Source: The News-Journal, January 18, 1923
FIRST CHILD BORN IN NORTH MANCHESTER
IS STILL LIVING IN THIS CITY
Mrs. Phoebe Butterbaugh Born in Little Cabin Near Where the Martin Building Stands.
The following story is taken from the Walnut Street Messenger, the official paper of the Church of the Brethren of North Manchester, and will be of interest to many people of North Manchester. The picture and story is used through the courtesy of the paper, the historical part of the sketch having been prepared by Otho Winger, president of Manchester college. It follows:
Not many towns as old as North Manchester and not many churches as old as the Manchester Church of the Brethren have a living link connecting them with their very first history. The first white child born in North Manchester is still living. She is Phoebe Ann Butterbaugh. She has lived more years in and about North Manchester than any other living citizen.
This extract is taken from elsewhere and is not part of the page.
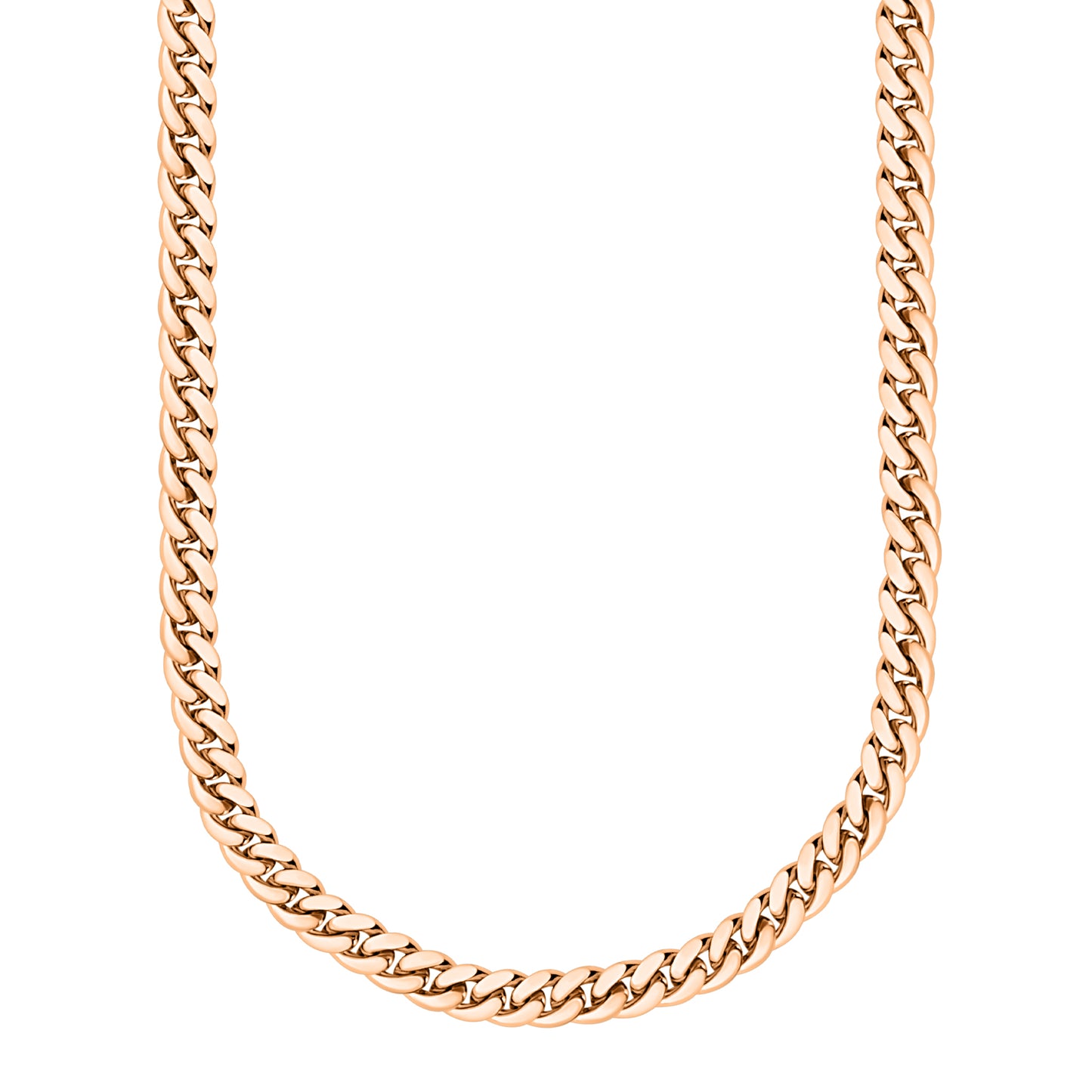 Rose Gold Finished 925 Silver Handmade Miami Cuban Link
The first house in North Manchester was built by Peter Ogan in the spring or summer of 1836. Andrew Jackson was then president of the United States. The northern part of Indiana was almost an unbroken forest, inhabited by Indians and wild animals. But sturdy pioneers came pouring in from the east in the later thirties.
Among the first to arrive was Joseph Harter and his son, Eli, from Preble county, Ohio. In September, 1836, Eli Harter built the second house in North Manchester. It was but a log cabin, on the banks of Eel River, on the south side of what is now Main street. Here, on October 27, 1836, Phoebe Ann Harter was born.
The Harters were members of the Church of the Brethren when they came. Other members settled near--the Swanks, the Ulreys, Cripes and Metzgers. Elders Daniel Cripe, Jacob Miller, William Moss and others made visits and held meetings. In 1838 the Manchester Church of the Brethren was organized, and Joseph Harter was chosen the first minister. Soon after this he was ordained, and though other ministers moved in, he continued as senior elder until his death, February 25, 1861. His preaching was generally in Dutch, mostly exhortations. He had some important part in the councils of the church and committee work.
When Phoebe Ann was less than one year old, Eli Harter entered a farm two miles west of North Manchester, known in recent years as the Crill farm. Here she lived until sixteen, when the Harters moved fro one year south of Wabash. In 1853 she was married to David S.T. Butterbaugh. He had come from Union, Ohio, where he was born in 1833. They went to housekeeping on the Harter farm, two miles west of town. In 1854 they moved two miles further west to what is now the Lyman Metzger farm. Here they lived for 33 years when in 1888 they moved to the east end of Seventh street, North Manchester. Brother Butterbaugh passed away in 1902. Though a layman, he took much interest in the church. He was church clerk and Gospel Messenger reporter for many years. At the same time he was district treasurer for Middle Indiana. In the seventies when the Manchester church was growing rapidly, he was active in achieving results for the Kingdom.